Field Note · field guide

Can you trust AI-generated code?

Fluent is not the same as correct, and they look identical on screen. Here is where to point the distrust, drawn from the bugs we found in our own AI-built code.

Ojan Lubis·2026-07-02

Builds production software, and cleans up the AI-generated code that breaks it. pdflokal, his open-source PDF toolkit, is one of the repos these notes come from.

You can trust AI-generated code to be fluent. You cannot trust it to be correct. The trouble is that fluent and correct look identical on the screen: the code reads well, it runs, the demo works. Telling the two apart is the whole job, and it is not a matter of trusting AI more or less. Trust is not a property the code has. It is one you add, by looking in the specific places where fluent code hides failure.

We build software and we clean up the AI-generated code that breaks it, most often our own, in the open. What follows is not a warning about AI. It is a map of where the distrust should point, drawn from real bugs with public commits. Every one of them ran. None of them errored. That is the pattern.

Where fluent code hides failure

In the test that proves the wrong thing. A passing test is a fact about the test, not the software. In our own editor a file-replace flow rendered a blank page for weeks while every test stayed green, because the test drove a hidden input instead of the real file picker and checked that elements existed rather than what they rendered. AI is very good at making the test’s imagined version true. Distrust green until you know the test enters through the real door.

In the config that runs wrong. Running and running correctly are different facts, and only the first one errors. One helpful-looking line made our PDF engine skip its background worker and render on the main thread for two months, with no crash and no failed test. Setup code that looks configured and quietly defeats itself is the most common shape of all, because nothing asks you to look.

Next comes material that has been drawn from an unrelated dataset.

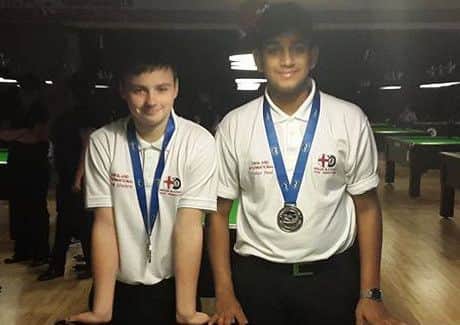 WORLD CHAMPION -- Mansfield pool player Jacob Elmhirst (left), pictured with his doubles partner Krish Patel, who helped England U15s to the world team title.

In the crash you keep patching. When several crashes share one cause, a guard for each stops its own stack trace and fixes none of them. We shipped three guards in a week that all held and none of which was the bug. Fluent reasoning aimed at the wrong frame produces more convincing wrong fixes, faster. Distrust a fix that only silences the symptom you can see.

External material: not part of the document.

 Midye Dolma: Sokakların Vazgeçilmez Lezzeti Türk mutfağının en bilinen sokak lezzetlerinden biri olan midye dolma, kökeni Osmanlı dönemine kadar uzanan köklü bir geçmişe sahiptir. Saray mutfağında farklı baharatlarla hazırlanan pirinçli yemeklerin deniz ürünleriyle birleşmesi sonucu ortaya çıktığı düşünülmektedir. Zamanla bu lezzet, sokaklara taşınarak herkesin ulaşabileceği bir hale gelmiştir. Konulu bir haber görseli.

In the file that only grows. AI adds at the speed of typing and never proposes a deletion. One file in our product reached 3,634 lines because every feature was appended to the path of least resistance and nothing was ever taken back out. It runs fine until someone has to change it. The line count is a liability, not an asset.

In the boring helper nobody reviews. The risky bug hides where review stops. Our one cross-site scripting hole was not in the auth flow or the file parser; it was in a toast message that rendered a filename with innerHTML. Reviewers scrutinize the obvious surfaces and skip the mundane ones, which is exactly where an unsafe default survives.

So, can you trust it?

Trust it the way you would trust a fast, confident junior who never says “I am not sure.” The output is often good and always plausible, which is the problem: plausibility is the one thing you cannot use to tell right from wrong. So you do not extend trust or withhold it wholesale. You verify the specific things fluency hides. Distrust the green test until it drives the real path. Distrust the config that merely runs. Distrust the fix that only guards the symptom. Watch the file that only grows. Read the boring helper.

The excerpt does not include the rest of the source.